The aim of the workshops was to gather as many perspectives as possible. When contradicting perspectives were shared these were captured in the system map with neutral connections, and the different perspectives explained in the notes feature. The only factors and connections that were removed were those that were clear duplicates, or those that all participants decided were no longer necessary. This encouraged participants to engage and gain ownership of the system map as it developed.
Participants included consultants covering: haematology, ear, nose and throat (ENT), dermatology; clinical nurse specialists; strategy and transformation; occupational therapy; palliative care. Six of the NHS Scotland health boards were represented. In total 11 different participants attended the workshops. The distribution of participants across the various workshops can be found in Table 1.
The series of workshops detailed in Table 1 were planned such that each covered a distinct chapter in the PSM process. The Rich Picture workshop was used to identify three starting factors. PSM workshop 1 was focused on brainstorming as many other potential factors linking to the starting factors. PSM workshop 2 was focused on linking together the factors and adding/removing factors as necessary. PSM workshop 3 was focused on bringing in the Cancer Strategy policy ambitions and linking them into the system that had been developed. The updates in workshop 3 were then reviewed in the following one-to-one workshops, where further qualitative analysis of the map also took place.
These workshops were carried out online using Microsoft Teams and the purpose-built collaborative mapping tool PRSM. Workshops were organised following a flexible and adaptable approach that allowed us to build on feedback and learning from the experience as the project progressed.
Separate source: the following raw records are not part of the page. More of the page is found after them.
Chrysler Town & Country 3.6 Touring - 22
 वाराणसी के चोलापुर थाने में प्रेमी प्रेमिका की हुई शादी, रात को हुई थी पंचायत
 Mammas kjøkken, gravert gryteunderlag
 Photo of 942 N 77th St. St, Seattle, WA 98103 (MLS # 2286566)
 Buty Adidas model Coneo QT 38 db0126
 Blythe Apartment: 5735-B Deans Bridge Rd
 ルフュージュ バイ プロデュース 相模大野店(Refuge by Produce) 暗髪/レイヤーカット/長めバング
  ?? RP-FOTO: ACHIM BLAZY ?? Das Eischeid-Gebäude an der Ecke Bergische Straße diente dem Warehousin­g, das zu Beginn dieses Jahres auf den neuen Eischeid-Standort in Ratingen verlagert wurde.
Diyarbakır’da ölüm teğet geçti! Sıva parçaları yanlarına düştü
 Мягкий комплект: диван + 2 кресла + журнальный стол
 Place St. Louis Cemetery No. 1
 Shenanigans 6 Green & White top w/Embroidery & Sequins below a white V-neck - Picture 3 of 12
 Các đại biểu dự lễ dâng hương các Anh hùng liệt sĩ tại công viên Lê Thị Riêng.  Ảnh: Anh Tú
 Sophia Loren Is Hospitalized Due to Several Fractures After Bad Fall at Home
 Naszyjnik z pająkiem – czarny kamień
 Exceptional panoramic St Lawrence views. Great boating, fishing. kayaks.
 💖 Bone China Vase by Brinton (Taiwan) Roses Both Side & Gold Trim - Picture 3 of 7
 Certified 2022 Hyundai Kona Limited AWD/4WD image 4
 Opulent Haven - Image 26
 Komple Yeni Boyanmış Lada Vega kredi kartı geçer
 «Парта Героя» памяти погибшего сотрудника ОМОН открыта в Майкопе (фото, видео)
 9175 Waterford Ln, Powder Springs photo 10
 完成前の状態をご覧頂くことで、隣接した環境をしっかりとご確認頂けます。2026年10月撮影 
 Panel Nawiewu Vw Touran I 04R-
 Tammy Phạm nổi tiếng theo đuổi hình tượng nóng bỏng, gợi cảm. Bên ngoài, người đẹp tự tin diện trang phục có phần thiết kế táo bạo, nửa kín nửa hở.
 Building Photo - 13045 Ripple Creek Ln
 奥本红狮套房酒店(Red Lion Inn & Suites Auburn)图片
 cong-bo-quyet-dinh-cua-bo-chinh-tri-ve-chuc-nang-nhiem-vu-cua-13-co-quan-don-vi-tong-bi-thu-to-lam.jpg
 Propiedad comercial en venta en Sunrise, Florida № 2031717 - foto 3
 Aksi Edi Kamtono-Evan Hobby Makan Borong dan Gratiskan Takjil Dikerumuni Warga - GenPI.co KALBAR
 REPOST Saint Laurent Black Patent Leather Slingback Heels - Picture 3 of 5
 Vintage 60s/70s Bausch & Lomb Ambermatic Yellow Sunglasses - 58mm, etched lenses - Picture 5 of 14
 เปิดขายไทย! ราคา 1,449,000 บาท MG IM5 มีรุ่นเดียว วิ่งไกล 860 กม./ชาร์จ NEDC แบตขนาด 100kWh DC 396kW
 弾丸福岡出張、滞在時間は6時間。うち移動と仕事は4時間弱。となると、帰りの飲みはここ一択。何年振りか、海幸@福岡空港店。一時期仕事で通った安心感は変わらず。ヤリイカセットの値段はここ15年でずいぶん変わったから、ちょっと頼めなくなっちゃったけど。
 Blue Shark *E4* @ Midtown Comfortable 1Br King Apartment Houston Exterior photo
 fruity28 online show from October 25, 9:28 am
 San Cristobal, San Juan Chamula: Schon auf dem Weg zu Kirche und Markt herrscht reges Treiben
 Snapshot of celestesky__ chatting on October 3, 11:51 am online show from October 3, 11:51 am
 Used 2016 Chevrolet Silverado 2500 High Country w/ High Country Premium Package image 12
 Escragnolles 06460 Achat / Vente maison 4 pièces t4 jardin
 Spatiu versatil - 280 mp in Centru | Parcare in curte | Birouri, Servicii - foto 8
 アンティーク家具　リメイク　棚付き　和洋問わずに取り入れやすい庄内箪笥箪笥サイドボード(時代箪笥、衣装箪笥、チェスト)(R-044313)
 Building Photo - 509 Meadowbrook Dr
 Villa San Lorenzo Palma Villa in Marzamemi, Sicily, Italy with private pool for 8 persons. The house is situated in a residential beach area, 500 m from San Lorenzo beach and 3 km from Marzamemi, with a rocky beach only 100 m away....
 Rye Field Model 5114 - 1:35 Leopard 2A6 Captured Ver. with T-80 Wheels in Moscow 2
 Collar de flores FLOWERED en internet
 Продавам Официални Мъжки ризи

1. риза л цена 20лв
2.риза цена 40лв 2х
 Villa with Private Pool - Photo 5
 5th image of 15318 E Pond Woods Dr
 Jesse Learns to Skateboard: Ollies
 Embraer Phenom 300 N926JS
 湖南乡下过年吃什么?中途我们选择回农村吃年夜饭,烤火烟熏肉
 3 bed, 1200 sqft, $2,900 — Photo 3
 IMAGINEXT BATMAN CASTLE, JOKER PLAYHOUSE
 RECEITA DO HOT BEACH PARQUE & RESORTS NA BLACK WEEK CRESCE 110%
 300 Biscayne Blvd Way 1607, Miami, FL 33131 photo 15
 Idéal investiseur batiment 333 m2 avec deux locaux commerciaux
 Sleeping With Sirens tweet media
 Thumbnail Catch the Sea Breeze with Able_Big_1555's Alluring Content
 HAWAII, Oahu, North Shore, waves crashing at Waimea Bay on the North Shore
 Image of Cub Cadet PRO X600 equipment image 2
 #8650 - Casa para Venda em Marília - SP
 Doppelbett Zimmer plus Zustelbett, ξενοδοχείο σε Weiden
Throughout the process, significant updates were shared with the Cancer Strategy Monitoring and Evaluating Advisory Group [11] for review and comment. A Data Protection Impact Assessment (DPIA) was also completed and checked by the Data Protection team, regarding holding participants’ names and contact details, as well as the use of PRSM as a collaborative mapping tool. A privacy notice was also prepared and shared with participants ahead of the workshops.
Workshop |
Date |
Participant number |
Perspectives represented |
---|---|---|---|
Rich Picture |
25/3/24 |
5 |
Consultant, Clinical Director, Project Manager, Aseptic Pharmacy, Cancer Clinical Nurse Specialist, Allied Health Professionals, Educator and Nurse Consultant. |
PSM 1 |
27/3/24 |
5 |
Nurse Consultant, Consultant, Lead Nurse, Project Manager. |
PSM 2 |
30/4/24 |
4 |
Occupational Therapist (prehabilitation focus), Clinical Psychologist, Nurse Consultant, Consultant and Clinical Lead. |
PSM 3 |
28/5/24 |
1 |
1 participant that had previously attended. |
Qualitative analysis |
28/5/24 - 31/5/24 |
2 |
These were separate one-to-one workshops. Both participants had previously attended at least one workshop. |
Systems map visualisation tool
The static map that was produced in PRSM was exported and converted to an interactive visualisation tool using R Shiny, and shared internally with Scottish Government stakeholders. This was achieved by using a package developed by the Department for Energy Security and Net Zero, specifically for visualising and interacting with systems maps (no reference is available as this has not been published). The purpose of this output is to be an interactive discussion tool, helping users to explore potential impacts of changing factors in the system and how the Cancer Strategy ambitions interact between themselves and the wider system. A selection of representative insights explored using the tool are shared in this report.